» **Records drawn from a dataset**
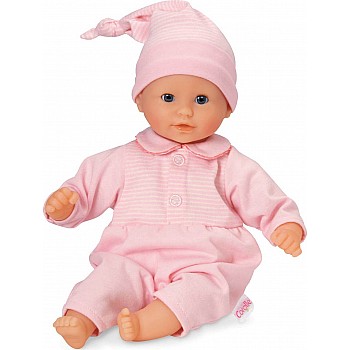Calin Charming Pastel Baby Doll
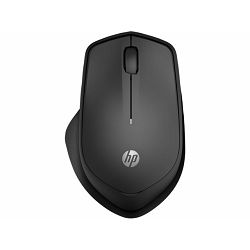 HP Mouse 285 Silent Wireless, 6G4E6AA 6G4E6AA#ABB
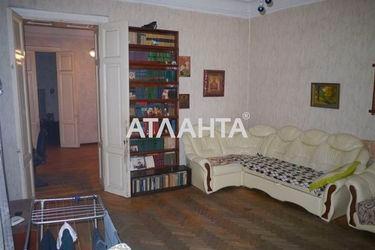 4+-rooms apartment apartment by the address st. Knyazheskaya Baranova (area 87,5 m2) - Atlanta.ua - photo 18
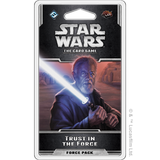 TRUST IN THE FORCE - Force Pack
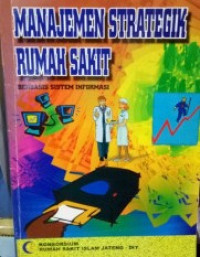 Image of Manajemen Strategik Rumah Sakit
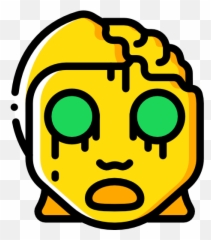 Zombie - Biblioteca Ceibal Emoji,Zombie Emojis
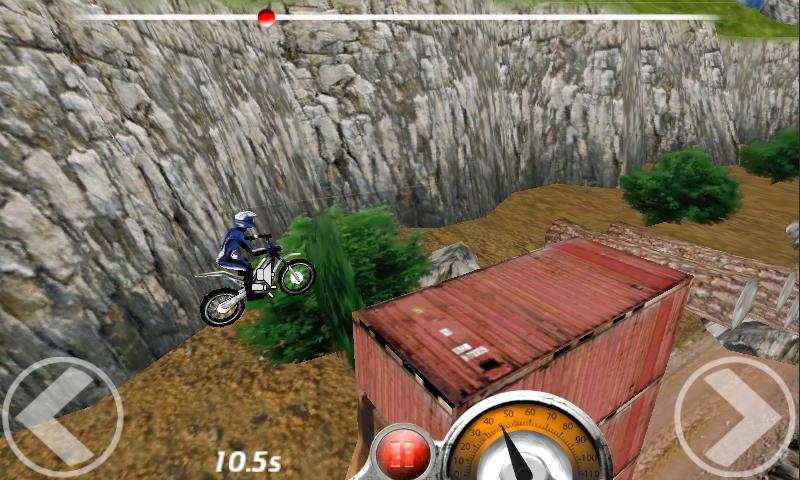 Trial Xtreme Screen 3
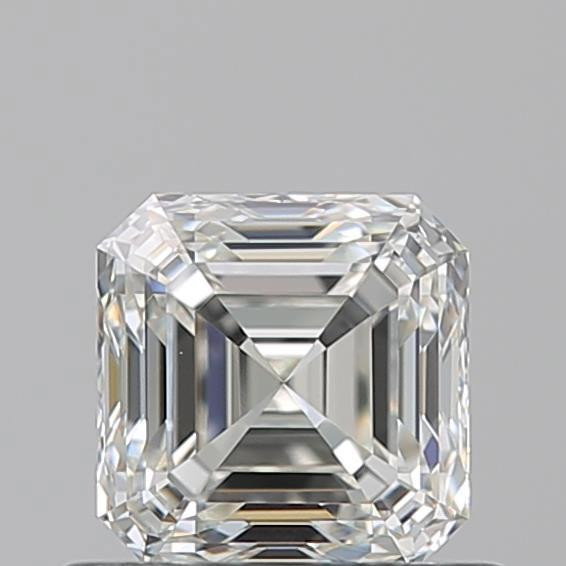 Asscher 0.70 I VS1 - #954399
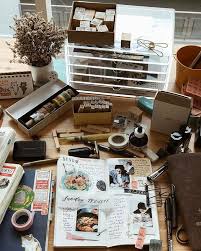 The Olive Edition Travelers Notebook Launches Today In Japan They Will Be Here In Store Some Scrapbook Journal Midori Travelers Notebook Sketchbook Journaling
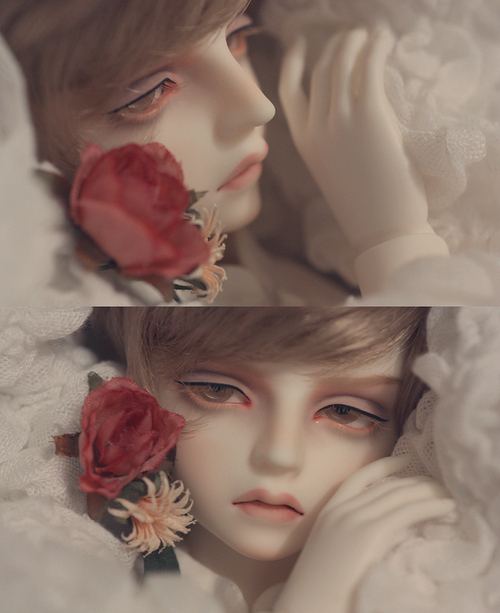 doll ตุ๊กตาเหมือนคน น่ารักๆ(2) doll boy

» **What this task involves**
Word for word, restate the lines above from the first through the one that contains "Asscher 0.70 I VS1 - #954399", and exclude all pictures.

» **Task result**
Calin Charming Pastel Baby Doll
 HP Mouse 285 Silent Wireless, 6G4E6AA 6G4E6AA#ABB
 4+-rooms apartment apartment by the address st. Knyazheskaya Baranova (area 87,5 m2) - Atlanta.ua - photo 18
 TRUST IN THE FORCE - Force Pack
 Image of Manajemen Strategik Rumah Sakit
 Zombie - Biblioteca Ceibal Emoji,Zombie Emojis
 Trial Xtreme Screen 3
 Asscher 0.70 I VS1 - #954399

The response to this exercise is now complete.